Multiple regression II

Introduction

  • The current module will cover advanced topics of multiple regression including (1) dummy coding for categorical variables, (2) Partial correlation and Part correlation, and (3) Multicollinearity.

    • Dummy variable: From what we have learned so far, we know that linear regression is an analysis of the relationship between continuous variables. But if we do need to include categorical variable(s) as a regression predictor, we can dummify a categorical variable: Using binary numbers 0 and 1 to represent the absence and presence of a qualitative attribute.

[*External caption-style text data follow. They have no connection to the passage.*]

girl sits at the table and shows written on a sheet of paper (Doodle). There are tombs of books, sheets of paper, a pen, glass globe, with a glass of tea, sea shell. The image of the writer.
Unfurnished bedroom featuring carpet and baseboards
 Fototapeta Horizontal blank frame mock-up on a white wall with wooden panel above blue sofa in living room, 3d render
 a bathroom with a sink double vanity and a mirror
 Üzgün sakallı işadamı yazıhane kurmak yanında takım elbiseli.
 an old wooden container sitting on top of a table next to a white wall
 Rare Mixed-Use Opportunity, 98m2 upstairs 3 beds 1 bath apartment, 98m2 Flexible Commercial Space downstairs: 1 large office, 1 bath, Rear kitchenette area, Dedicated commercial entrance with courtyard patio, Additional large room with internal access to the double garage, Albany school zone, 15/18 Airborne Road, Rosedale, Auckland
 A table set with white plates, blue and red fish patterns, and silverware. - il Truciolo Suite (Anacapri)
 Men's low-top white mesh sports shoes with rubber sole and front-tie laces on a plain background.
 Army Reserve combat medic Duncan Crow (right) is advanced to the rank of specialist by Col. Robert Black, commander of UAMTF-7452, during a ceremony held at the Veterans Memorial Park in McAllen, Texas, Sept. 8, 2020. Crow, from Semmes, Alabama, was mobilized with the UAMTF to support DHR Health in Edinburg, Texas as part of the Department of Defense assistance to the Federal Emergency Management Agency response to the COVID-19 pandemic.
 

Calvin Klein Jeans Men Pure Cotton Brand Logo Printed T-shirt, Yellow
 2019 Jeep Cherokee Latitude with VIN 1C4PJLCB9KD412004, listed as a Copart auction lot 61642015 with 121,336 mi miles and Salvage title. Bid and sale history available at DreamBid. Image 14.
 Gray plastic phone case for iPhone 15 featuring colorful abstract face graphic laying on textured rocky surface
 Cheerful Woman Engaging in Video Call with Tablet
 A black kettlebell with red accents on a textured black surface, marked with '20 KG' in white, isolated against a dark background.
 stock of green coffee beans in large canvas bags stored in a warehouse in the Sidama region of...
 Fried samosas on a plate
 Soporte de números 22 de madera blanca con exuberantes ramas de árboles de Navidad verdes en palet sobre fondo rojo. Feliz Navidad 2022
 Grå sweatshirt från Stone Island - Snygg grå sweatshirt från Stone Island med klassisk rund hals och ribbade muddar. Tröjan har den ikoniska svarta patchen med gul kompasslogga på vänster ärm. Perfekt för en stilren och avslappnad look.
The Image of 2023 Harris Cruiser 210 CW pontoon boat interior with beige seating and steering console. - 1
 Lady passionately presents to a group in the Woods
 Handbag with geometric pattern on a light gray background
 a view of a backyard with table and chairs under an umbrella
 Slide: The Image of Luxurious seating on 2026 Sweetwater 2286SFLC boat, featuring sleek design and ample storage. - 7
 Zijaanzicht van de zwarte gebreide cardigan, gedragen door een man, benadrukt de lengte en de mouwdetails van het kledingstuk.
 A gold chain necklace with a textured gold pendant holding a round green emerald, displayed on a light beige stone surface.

    • Partial correlation and Part correlation: From the previous module (Module 17), we know that we can examine an association by considering the effect of a third variable. These concepts and how to implement them are so important, especially when (1) you would like to remove the confounding effect and/or (2) rule out the possible, alternative explanation of the result. More about how a third variable may influence the original effect of IV on DV will be discussed more in Module 19

1. Dummy Variable

1.1 What is a dummy variable and why do we need it?

  • A dummy variable is a numeric variable that represented categorical data with two or more levels, such as gender, faculty, race, experimental conditions, etc.

  • Creating dummy variables allows you to test the effect of a categorical IV when the statistical test only allowed continuous IV (like regression analysis).

  • Dummy variable is a dichotomous, quantitative variable that only takes two values, i.e. 0 or 1 to indicate the absence or presence of a categorical effect on the outcome, while 0 is the reference level.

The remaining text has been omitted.